Kur’an’ın kendisi zaten bunu meydan okurcasına açık açık söylüyor.

“Hâlâ Kur’an’ı düşünüp anlamaya çalışmıyorlar mı? Eğer o, Allah’tan başkası tarafından (indirilmiş) olsaydı, mutlaka onda birçok çelişki (ihtilaf) bulurlardı.” (Nisâ 4/82)

Ama düşünün; bir gayr-i müslim sizden bir Kur’an istiyor. Siz de ona onun dilinde bir meal veriyorsunuz. Bir müddet sonra o gayr-i müslim size geliyor ve diyor ki: “Siz Kur’an’da çelişki yok diyorsunuz. Ama ben bazı âyetler arasında çelişki gördüm.” Mesela;

 

1.“İşte o gün ne insana, ne cine günahı sorulmayacak.” (Rahman 55/39)

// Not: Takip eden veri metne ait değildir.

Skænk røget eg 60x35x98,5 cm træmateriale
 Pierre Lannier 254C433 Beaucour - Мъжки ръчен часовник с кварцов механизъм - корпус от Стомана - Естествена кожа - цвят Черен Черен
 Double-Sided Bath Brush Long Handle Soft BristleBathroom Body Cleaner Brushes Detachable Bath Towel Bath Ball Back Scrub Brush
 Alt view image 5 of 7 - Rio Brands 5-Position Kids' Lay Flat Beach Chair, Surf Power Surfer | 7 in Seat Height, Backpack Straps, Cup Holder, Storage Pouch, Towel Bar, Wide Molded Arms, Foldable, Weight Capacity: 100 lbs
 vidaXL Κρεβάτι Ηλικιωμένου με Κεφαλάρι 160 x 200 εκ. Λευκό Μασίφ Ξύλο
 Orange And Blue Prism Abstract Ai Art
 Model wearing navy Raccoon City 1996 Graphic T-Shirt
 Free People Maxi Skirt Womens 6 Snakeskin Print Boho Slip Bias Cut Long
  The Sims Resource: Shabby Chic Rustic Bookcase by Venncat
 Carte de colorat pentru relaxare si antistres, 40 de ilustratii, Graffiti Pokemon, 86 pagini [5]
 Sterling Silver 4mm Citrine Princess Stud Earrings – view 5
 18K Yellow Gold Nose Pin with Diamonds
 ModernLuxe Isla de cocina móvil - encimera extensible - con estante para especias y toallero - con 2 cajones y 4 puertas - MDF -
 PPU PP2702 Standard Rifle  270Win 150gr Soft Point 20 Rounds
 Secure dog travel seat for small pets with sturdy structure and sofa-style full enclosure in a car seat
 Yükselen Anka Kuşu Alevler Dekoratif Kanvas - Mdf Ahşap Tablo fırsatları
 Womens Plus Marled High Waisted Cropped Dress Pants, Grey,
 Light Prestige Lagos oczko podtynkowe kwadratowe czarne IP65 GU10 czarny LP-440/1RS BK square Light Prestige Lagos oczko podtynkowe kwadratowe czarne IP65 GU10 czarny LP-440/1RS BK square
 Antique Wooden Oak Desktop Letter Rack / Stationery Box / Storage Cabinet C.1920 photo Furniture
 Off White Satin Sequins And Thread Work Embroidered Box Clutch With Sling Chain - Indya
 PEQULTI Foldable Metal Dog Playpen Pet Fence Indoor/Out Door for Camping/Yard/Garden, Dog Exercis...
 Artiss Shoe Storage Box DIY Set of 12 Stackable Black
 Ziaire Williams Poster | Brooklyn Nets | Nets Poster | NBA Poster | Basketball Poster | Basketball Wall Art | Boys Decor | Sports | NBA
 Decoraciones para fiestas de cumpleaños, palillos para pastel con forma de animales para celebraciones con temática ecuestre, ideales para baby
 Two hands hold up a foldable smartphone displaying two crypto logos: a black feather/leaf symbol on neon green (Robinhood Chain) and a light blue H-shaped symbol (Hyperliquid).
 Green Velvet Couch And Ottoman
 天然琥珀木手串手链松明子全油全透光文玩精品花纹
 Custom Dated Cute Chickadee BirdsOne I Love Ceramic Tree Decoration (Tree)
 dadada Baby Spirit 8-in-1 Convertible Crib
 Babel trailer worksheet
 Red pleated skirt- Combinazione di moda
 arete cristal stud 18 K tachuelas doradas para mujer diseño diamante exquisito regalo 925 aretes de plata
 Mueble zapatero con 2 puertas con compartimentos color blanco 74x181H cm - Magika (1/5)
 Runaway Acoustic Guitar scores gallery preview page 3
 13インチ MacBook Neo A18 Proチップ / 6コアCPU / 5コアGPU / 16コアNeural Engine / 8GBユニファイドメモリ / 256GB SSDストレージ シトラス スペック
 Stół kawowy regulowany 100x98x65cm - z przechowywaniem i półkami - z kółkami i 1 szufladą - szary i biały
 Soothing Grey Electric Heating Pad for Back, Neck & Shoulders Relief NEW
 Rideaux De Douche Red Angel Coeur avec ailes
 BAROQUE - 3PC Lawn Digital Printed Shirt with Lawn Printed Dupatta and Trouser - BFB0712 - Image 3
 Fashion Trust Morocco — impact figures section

veya “... Suçlulukları kesinleşmiş olanlara (mücrimlere) günahları konusunda soru sorulmaz.” (Kasas 28/78)

Ama başka âyetlerde: “Rabbine andolsun, onların hepsine yapmakta olduklarını mutlaka soracağız” (Hıcr 15/92-93)

veya “Kendilerine peygamber gönderilenlere mutlaka soracağız. Peygamberlere de elbette soracağız” (A’raf 7/6) deniyor.

 

2.“Bu, konuşamayacakları gündür. Onlara izin de verilmez ki, özür dilesinler.” (Mürselât 77/35-36)

Ama başka âyetlerde: “Sonra şüphesiz siz kıyâmet günü Rabbinizin huzurunda hasımlaşacaksınız” (Zümer 39/31),

veya “Birbirlerine dönüp sorarlar. Derler ki: “Şüphesiz daha önce biz, ailemiz içinde yaşarken (Allah’a isyandan) korkardık” (Tûr 52/25-26),

veya “Allah, şöyle der: “Benim huzurumda çekişmeyin. Çünkü ben bu (konudaki) uyarıyı size önceden yaptım” (Kâf 50/28) deniyor.

 

3.“Onlara, acı ve kötü kokulu bir dikenli bitkiden başka yiyecek yoktur.” (Ğaşiye 88/6)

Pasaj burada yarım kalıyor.